Противоплазменный экран полыхнул радужным сиянием, отражая и рассеивая энергию попаданий. Перед глазами вспыхнула координатная сетка, алой сыпью расползлись отметки врагов, генераторы загудели, наливаясь силой, и он вскинул прикрепленные к запястьям излучатели, стараясь накрыть прицельными секторами как можно больше целей. Шипящие молнии заметались над равниной, выжигая броню и плоть, разметывая атакующих облачками белого пара.... Алые столбики энергозапаса поползли вниз, и Джузеппе неожиданно для самого себя улыбнулся. "И кукушка не нужна", — подумал он. Снизил мощность, выцеливая теперь уже отдельных противников, отпрыгнул за глыбу оплавленной кремнестали, накрыл еще двоих, неосторожно оказавшихся рядом, сменил позицию...
Сейчас у него все получалось легко и непринужденно, словно он всю жизнь этим занимался. Атакующие попятились, отступая к стене тумана. Вслед им ударила еще одна змеистая молния. "А это кто? — подумал Джузеппе, — мой двойник, что ли?"
— Эй, союзнички, вы кто? — прозвучал голос Хрблички.
— Джузеппе, — откликнулся Матуччи. — Эй, Ян, передай привет Джоанне, и скажи, что она классная, но Судабе лучше.
— Сам и доложишь. Подтягивайся сюда, они теперь не сунутся, пока опять толпу не соберут.
Джузеппе скользнул в пролом. И хотя он уже видел, как обстоят дела, сердце у него болезненно защемило. Обгоревшие скафандры, изукрашенные шрамами касательных попаданий, мертвых с первого взгляда не отличить от живых, за поднятым забралом — синюшно-бледное лицо Мастерсона, он дышит тяжело, шумно, старается не смотреть на развороченную голень. И правильно, ничего хорошего там быть не может. Рядом с ним Джоанна, тоже с открытым шлемом, возится с аптечкой, в глазах — боль и безнадежность... Ян и Марта сидят, опираясь спинами друг о друга, между колен — винтовки, толстые бронированные шланги тянутся от прикладов в центральный бункер форта. Там, наверху — Судабе...

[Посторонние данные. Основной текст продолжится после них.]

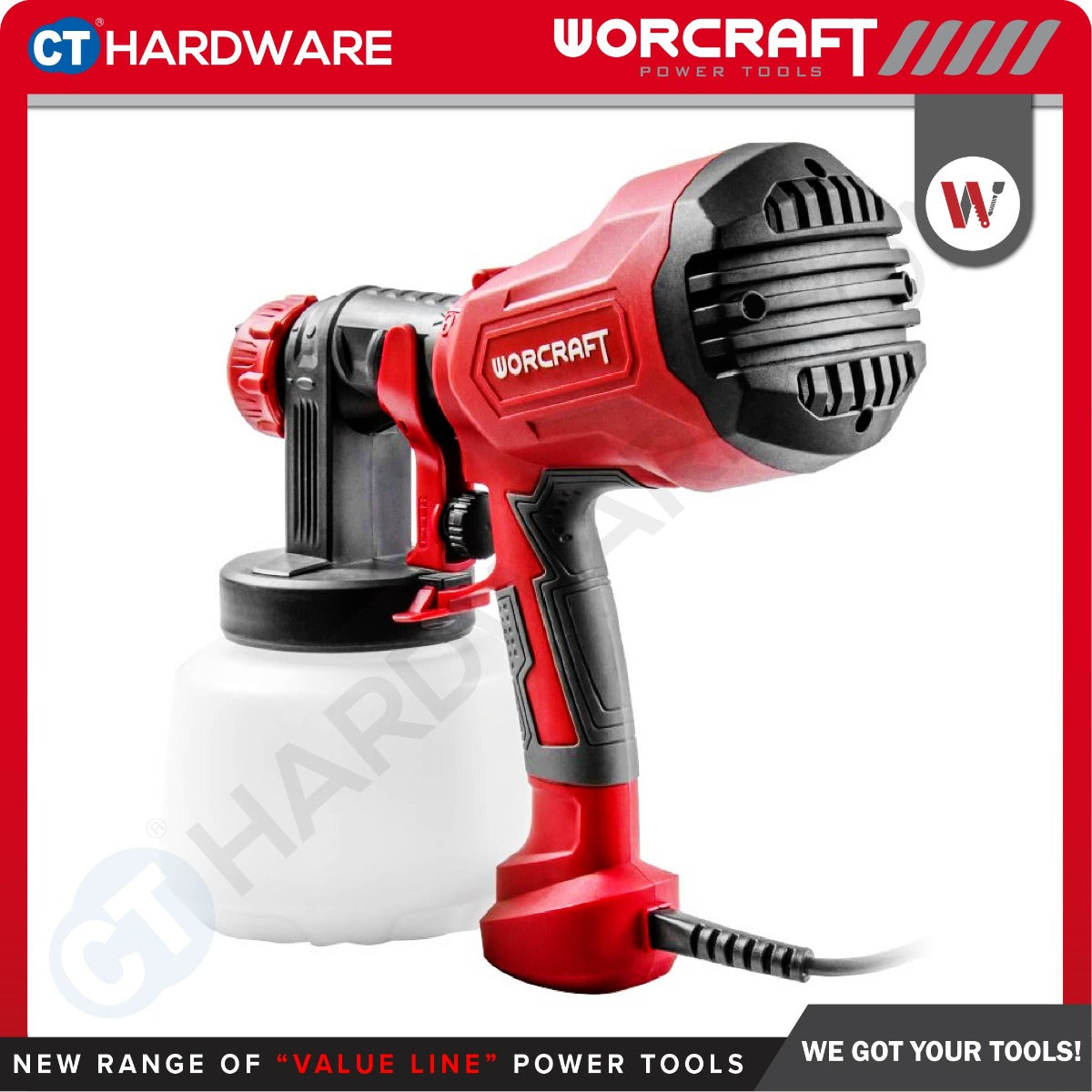 WORCRAFT SG04-1000 CORDED ELECTRIC SPRAY GUN 400W | 500ML/MIN | 1000ML [ SG041000 ]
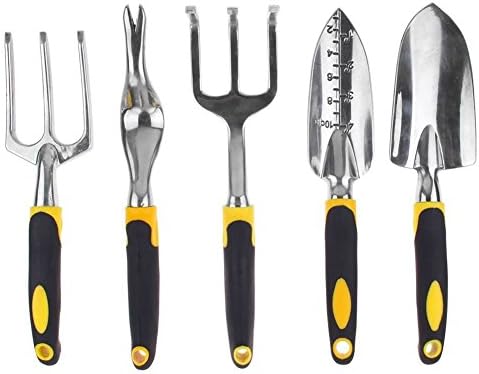 Garden Tool Set 5 Piece By Rubikliss, Garden Kit with Heavy Duty Cast-aluminum Heads and Ergonomic Handles - Cultivator, Trowel, Weeder, Weeding fork, Transplanter
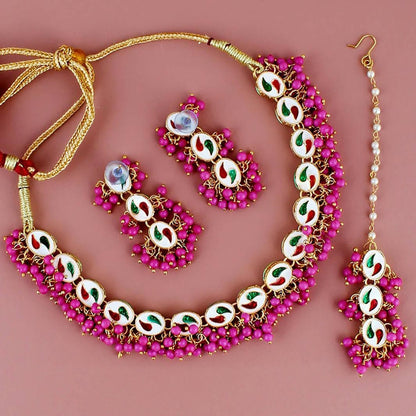 LUCKY JEWELLERY Back Meenakari 18k Gold Plated Magenta Color Tika Earring Combo Uncut Big Faux Kundan Choker Necklace set - HalfPe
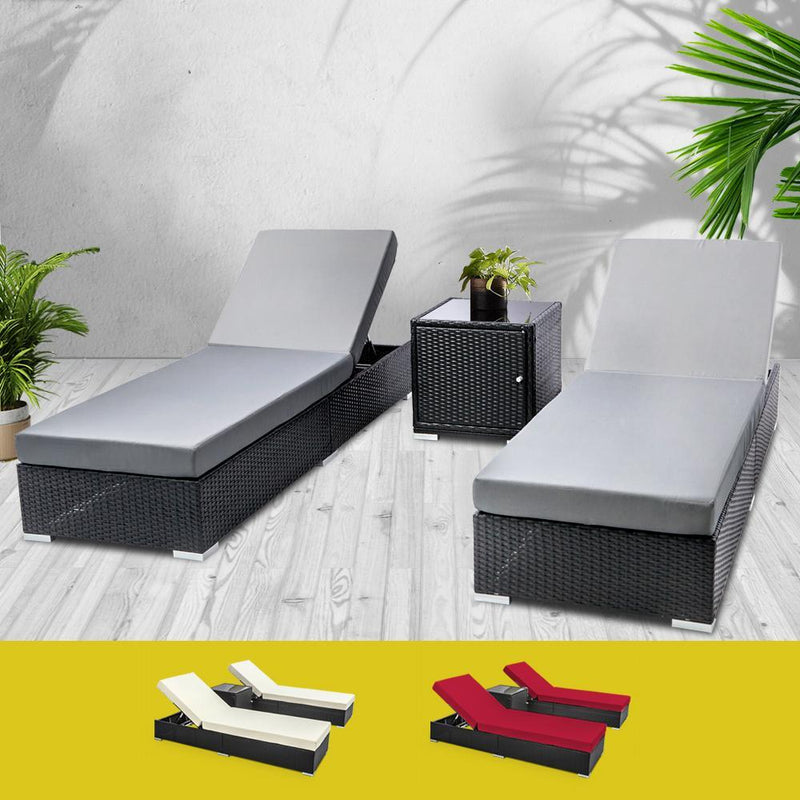 3 Piece Outdoor Sun Lounge Wicker Set - Rivercity House & Home Co. (ABN 18 642 972 209) - Affordable Modern Furniture Australia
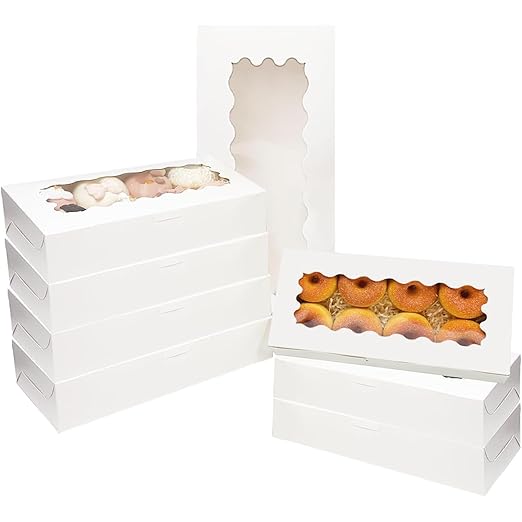 qiqee 50 Packs White Cookie Box with Window 12x5.5x2.5 Inch Two Uses Pastry Biscuit Bakery Box For Packaging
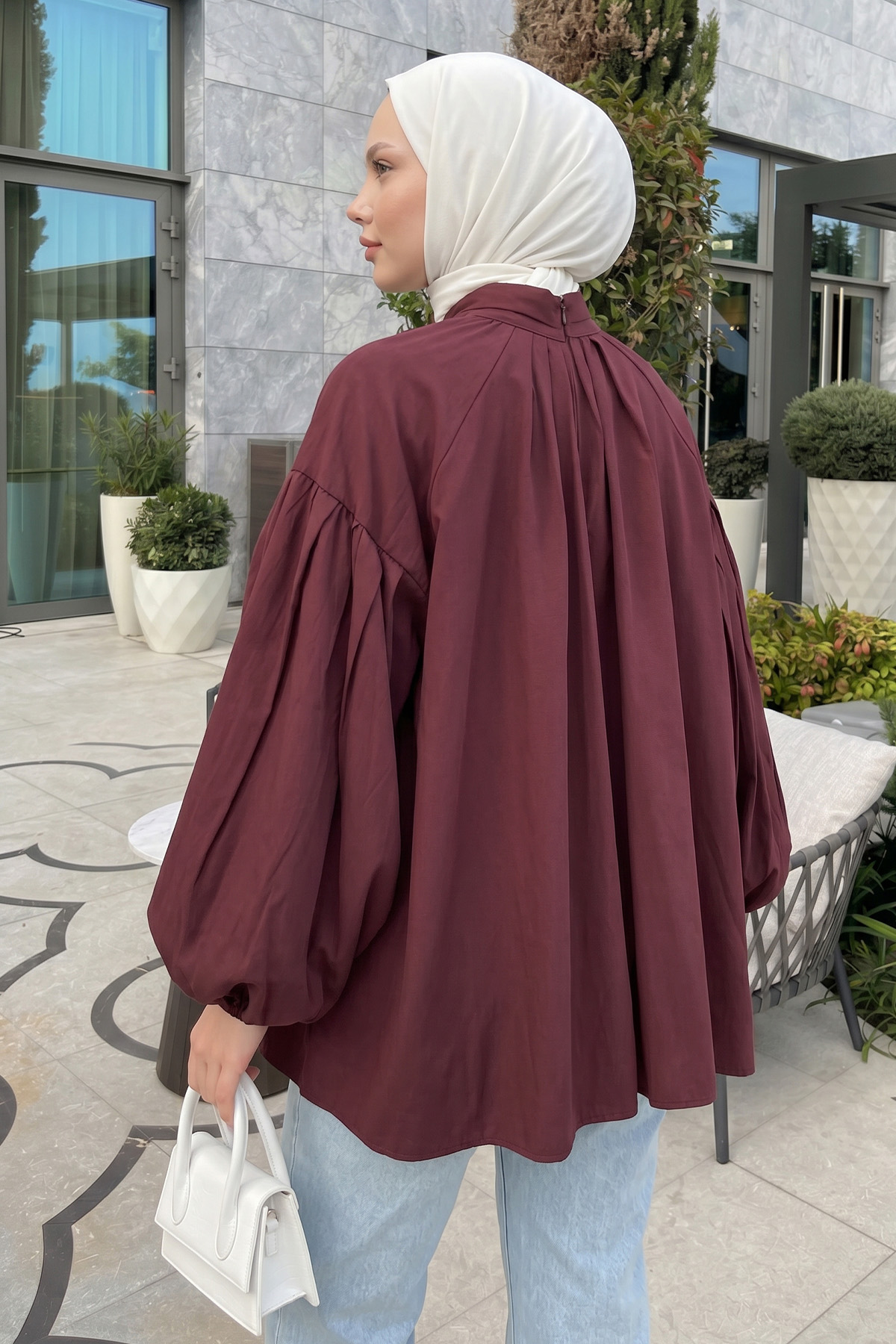 Reglan Kol Fiyonk Yakalı Tunik 3003 - BORDO |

— У нас тут еще гости, — из-за бункера появился Пилипенко, рядом с ним двигался человек в облегающем скафандре, похожем на старое пыльного зеркало. С запястий свисали массивные лапы излучателей, Джузеппе опустил глаза на свою грудь — ее обливало то же тусклое серебро.
— Гости? — шлем спутника Пилипенко протаял, словно морозное стекло от дыхания, открывая лицо Романа.
— Ага, значит хозяин этого бардака явился, — голос Яна звучал глухо, словно на его плечах лежала огромная тяжесть. Впрочем, так оно и было. — Что дома-то не сидится?
— Здесь я везде дома, — криво усмехнулся Роман.
— Ну, садись, коли пришел. Вы с Джузеппе их здорово шуганули. Партнерские штучки?
— Ваши... то есть, наши... Тьфу, запутался. В общем, экспериментальная разработка Конкордата. С-45 "Эльф".
— Ну-ну... неопределенно бросил Ян, и в развалинах форта воцарилось молчание.
Все прекрасно понимали, что означало появление Романа в полной боевой выкладке, и говорить здесь было не о чем. Может, неугомонный Смирнов и ляпнул бы что-нибудь солененькое, насчет пистолета в другом кармане, если бы не заряд рэйлгана, пробивший-таки вконец истрепанную броню. Что видел он, покидая место, которого нет? Нашел ли руку, на которую можно опереться? Кто знает...
— Я... поднимусь наверх? — Джузеппе шагнул к бункеру.
— Не надо...
— Мрата, я... все знаю. Я видел. Я пришел сюда... Я пришел к ней.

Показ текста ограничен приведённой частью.